→ Collected data
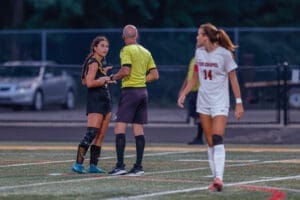 Girls' soccer match with players interacting with the referee on the field during an evening game.
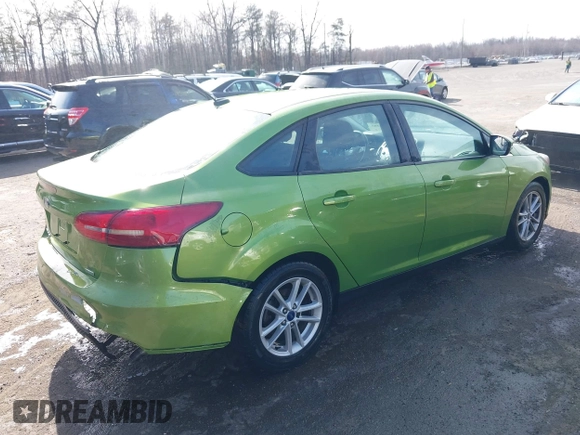 2018 Ford Focus SE with VIN 1FADP3FE7JL237818, listed as a IAAI auction lot 41729205 with 66,702 mi miles. Bid and sale history available at carsss.com. Image 4.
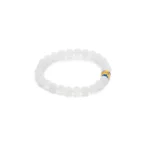 A simple bracelet made of round, translucent white beads with a single decorative gold and blue bead accent. The bracelet is arranged in a circle on a white background.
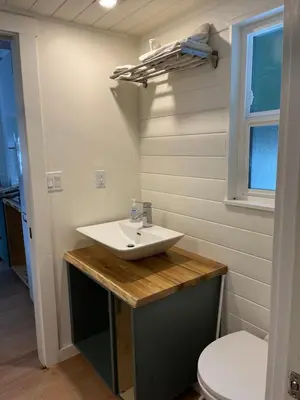 a bathroom with a sink and a toilet at Malaspina Strait Tiny Home in Powell River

→ Description of the task
Transcribe exactly the lines above, running from the one that contains "A simple bracelet" through the final line of the listing, and skip every picture.

→ Exercise output
 A simple bracelet made of round, translucent white beads with a single decorative gold and blue bead accent. The bracelet is arranged in a circle on a white background.
 a bathroom with a sink and a toilet at Malaspina Strait Tiny Home in Powell River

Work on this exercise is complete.